Mame nunnery is the largest nunnery in Ngaba with about 350 nuns. In March 2008, Mame nuns staged a protest into the county town carrying a portrait of the Dalai Lama before them, after which many nuns were arrested, detained and sentenced to imprisonment.

Tibetan exile groups claim that about 22 people have burned themselves since March last year to protest China's growing repression against Tibetans and to show their grief under Chinese rule.

The immolations that have taken place mark a dramatic escalation in the tactics opposing Beijing’s rule, and the Chinese government has been very critical of the actions.

The Chinese government has condemned the self-immolations, calling them a form of terrorism. Beijing has also accused Tibet's exiled spiritual leader, the Dalai Lama, of supporting such acts.

The Dalai Lama has denied encouraging self-immolations.

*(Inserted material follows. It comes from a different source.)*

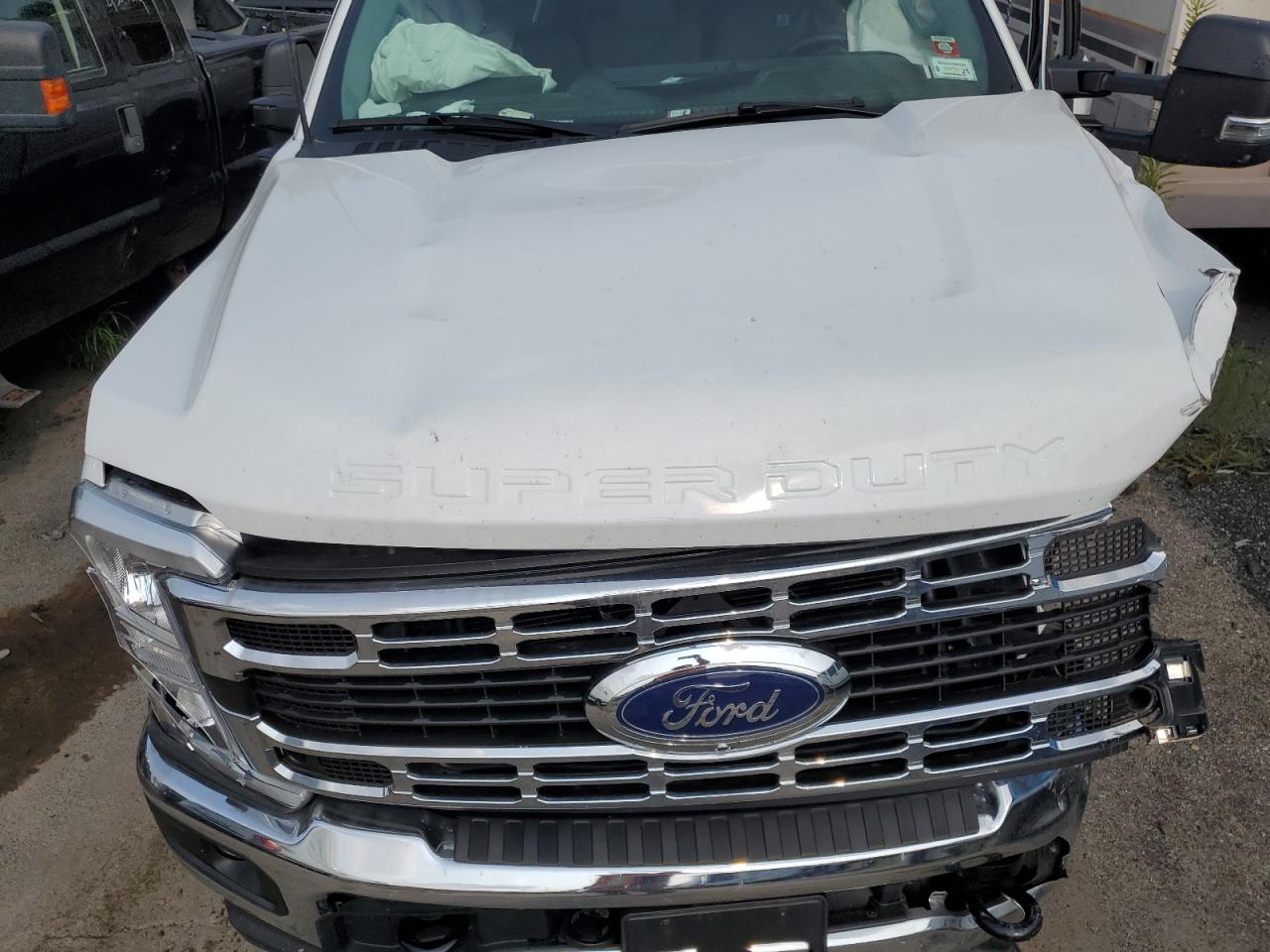 2023 Ford F350 - Image 11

In an interview with the BBC television last year, the 76-year-old Buddhist leader said those who set themselves on fire were brave, but that their sacrifice was not wise because it resulted in a tougher crackdown by the Chinese authorities.

The Dalai Lama fled into India in 1959 and has lived in exile for more than 50 years after fleeing a failed revolt against Chinese rule in Tibet.

Tibetans have long sought greater freedom from Beijing's rule, with some seeking complete independence and others wanting greater autonomy within China.